Perform such plots for a few interesting genes. To find interesting genes, either use markers for PBMC cell types (such as those discussed in Seurat's [clustering vignette](https://satijalab.org/seurat/articles/pbmc3k_tutorial)) or simply pick them among the highly variable genes.
#### Bonus task
To see where the smoothing caused artifacts, proceed as follows: Perform the smoothing again, this time not including the cell itself in its set of neighbours.
Then, given the count value $k_{ij}$ for gene $i$ in cell $j$, the cell's count sum $s_j=\sum_i s_{ij}$ and the smoothed expression value $\overline{y}_{ij}$, calculate
$$p_{ij} = f_{\text{Pois}}(k_{ij}; s_j\overline{y}_{ij}),$$
i.e., the probability of obtaining the value $k_{ij}$ from a Poisson distribution with expectation $s_j\overline{y}_{ij}$. (In R, he p.d.f. $f_\text{Pois}$ of the Poisson distribution is computed by the function `dpois`.)
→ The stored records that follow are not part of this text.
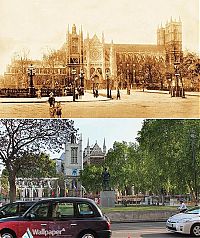 World & Travel: History: London then and now, 1897-2012, England, United Kingdom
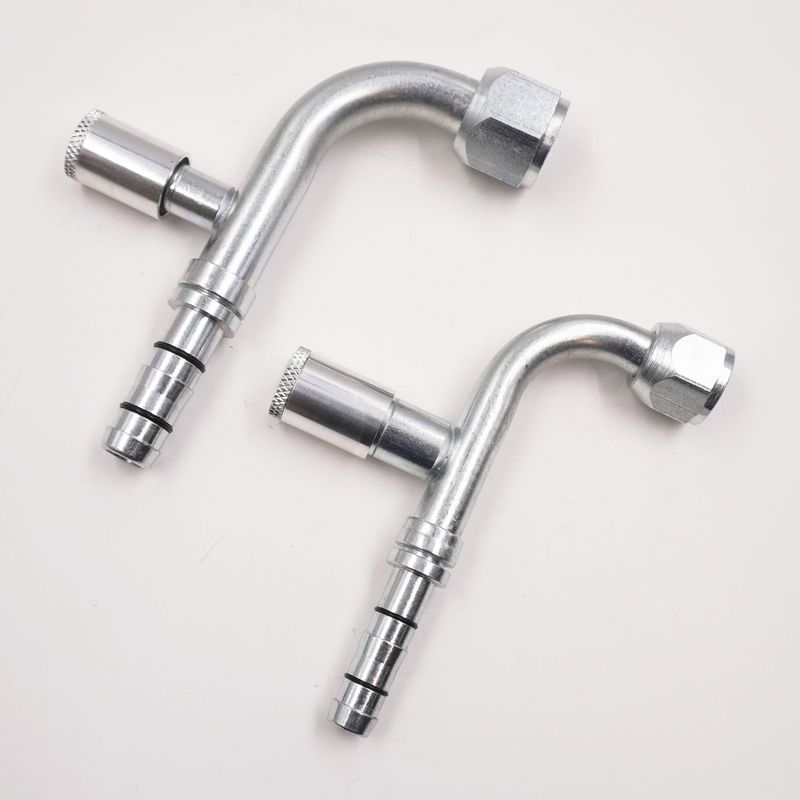 Polished E-Z Clip &amp; Proline Service Port Cap Kit - Metric - 15090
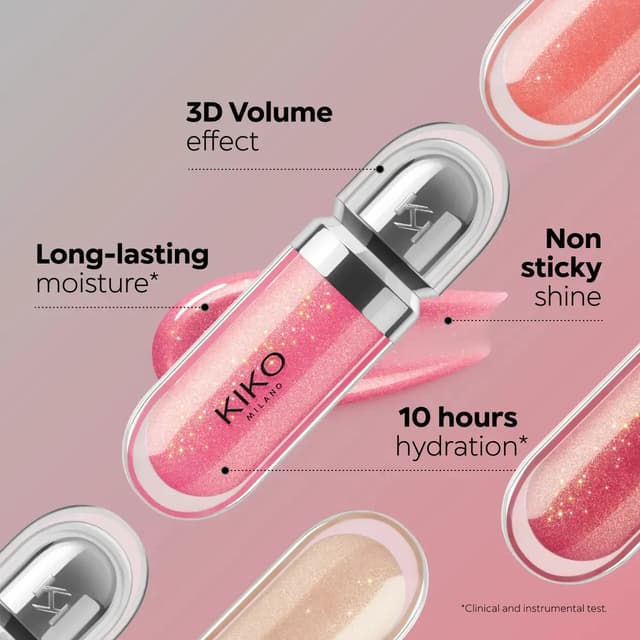 3D Pearlescent Shimmer Lip Gloss - Moisturizing, Long-Lasting, Non-Sticky, Waterproof Plumping Formula for a Glossy Finish showcase 3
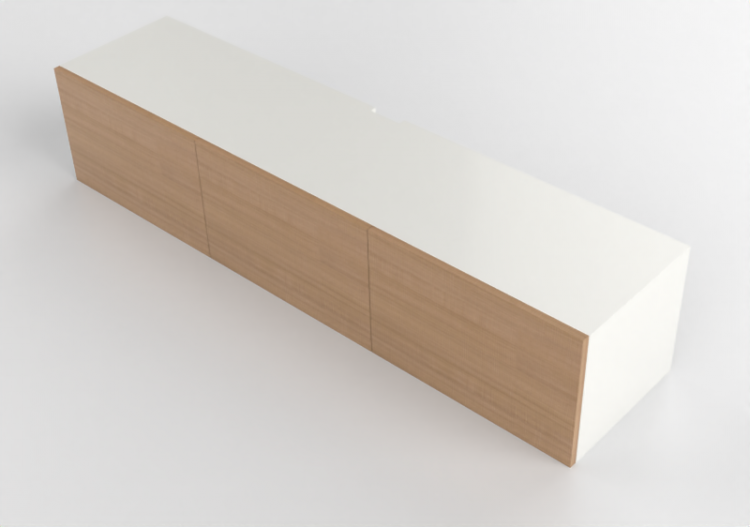 Meubles 3D - Meuble en bois laqué - Ikea - Besta - ACCA...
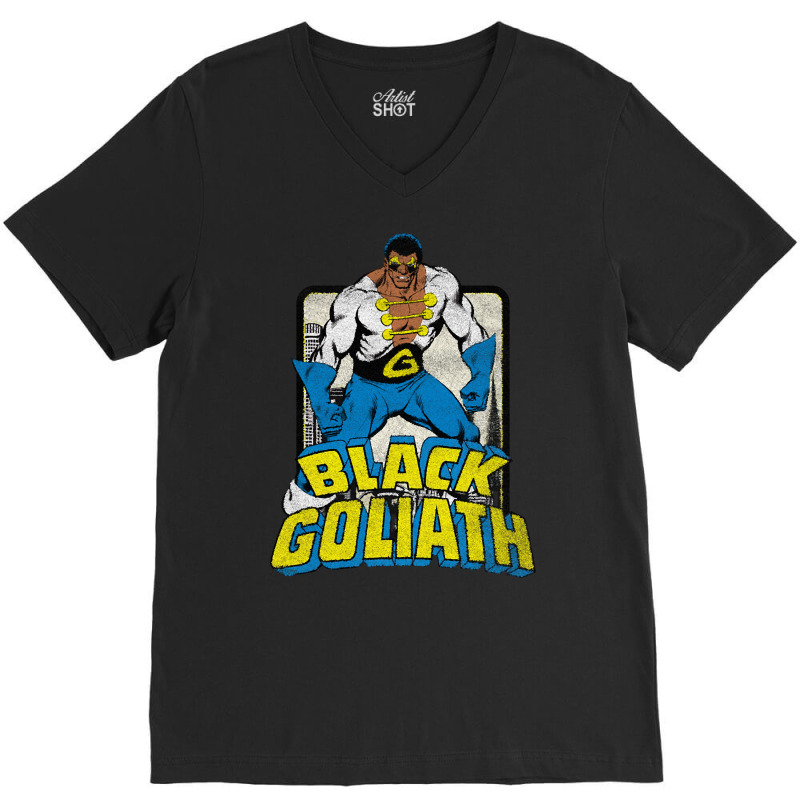 Black Goliath - Dr. Bill Foster (distressed) V-neck Tee | Artistshot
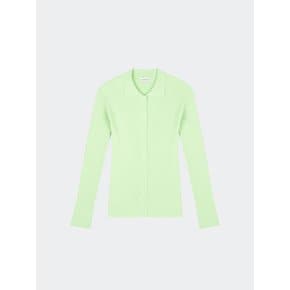 LINDA MODAL-BLEND CARDIGAN LIME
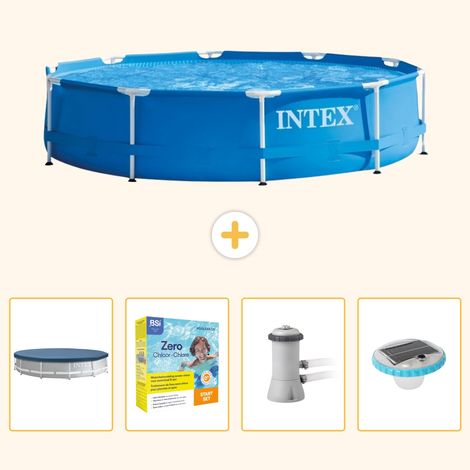 Intex Piscine Tubulaire Ronde - 366x76 cm - 5-pièces S4 (1/5)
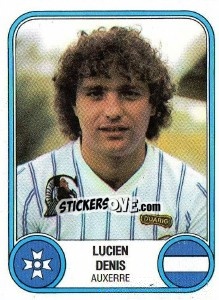 Sticker Lucien Denis - Football France 1982-1983 - Panini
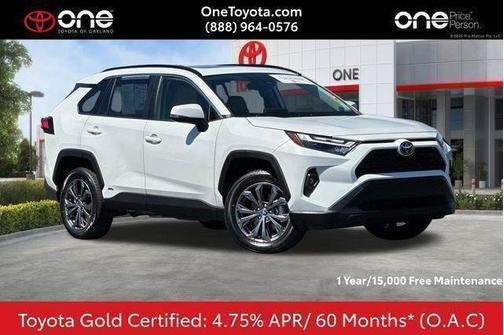White 2025 Toyota RAV4 Hybrid XLE Premium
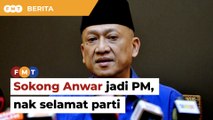 “Saya nak selamatkan parti, sebab itu sokong Anwar jadi PM,” kata Nazri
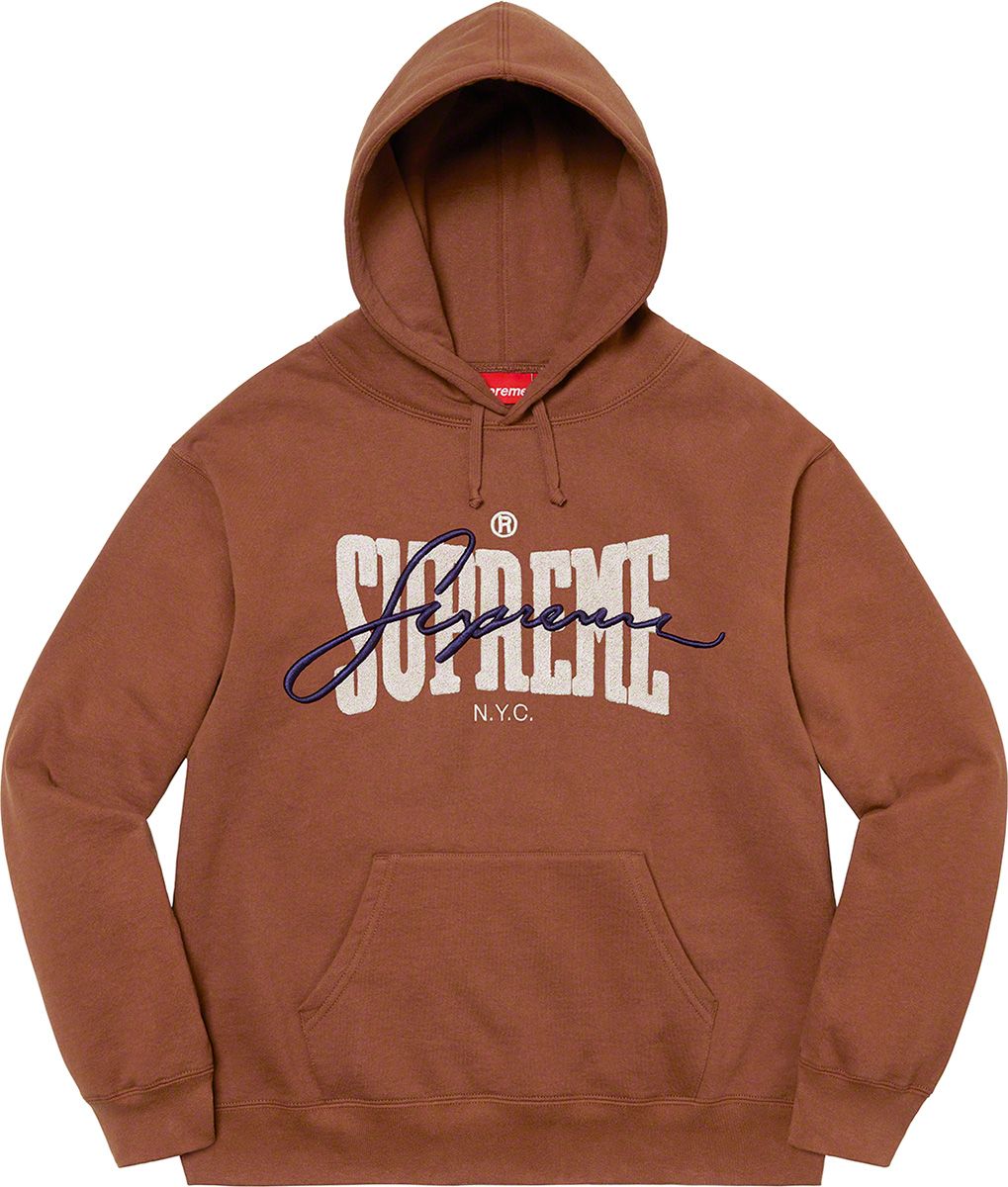 Embroidered Chenille Hooded Sweatshirt – Supreme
Now, colour the cells in your UMAP by $-\!\log_{10} p_{ij}$. This highlights cells where the obseverd counts deviates more from the average that one would expect under the assumption that the average is clsoe to the "true" rate, with the deviation of the observed count being due to Poisson noise.
Refinements:
- Check the histogram of the $p_{ij}$ for a given gene $i$. What shape would you expect? If you know how, also make a QQ plot for $-\!\log_{10} p_{ij}$.
- Instead of colouring by $-\!\log_{10} p_{ij}$, colour by the Pearson residuals:
$$r_{ij} = \frac{(k_{ij}-s_j\overline{y}_{ij})}{\sqrt{s_j\overline{y_{ij}}}}.$$
- Replace the Poisson p.d.f. with the negative-binomial p.d.f., using a suitable overdispersion value. The overdispersion value if the constant $\alpha$ in the negative binomial's variance-mean function, $v=\mu+\alpha\mu^2$. Try, e.g., $\alpha=.3$ or $\alpha=1$.
### Smoothed differential expression
Use the smoothing method (iii) of the previous section to obtain smoothed values for the local difference between expression of a gene in the stimulated and the control cells.
Proceed as follows: For a given gene $i$, calculate for each cell $j$ the smoothed expression by averaging first over its "control neighborhood", then over its stimulated neighborhood. Then, visualize this result by colouring the cells in a UMAP plot according to this difference. Try this for a few genes. (To find interesting gene, average the expression of each gene over all control and all stimulated genes and pick those where these averages differ strongly.)
By "control (stimulated) neighborhood", we mean: Pick among all control (stimulated) cells the 30 cells closest to cell $i$. Use the Euclidean distance calculated from the CCA coordinates (see vignette) to find the neighbours.
### Outlook
Smoothing is a simple but somewhat primitive way to "denoise" the data, i.e. to reduce the impact of counting noise. In one of the following lectures, we will use autoencoders, built from a neural network, to have a better way.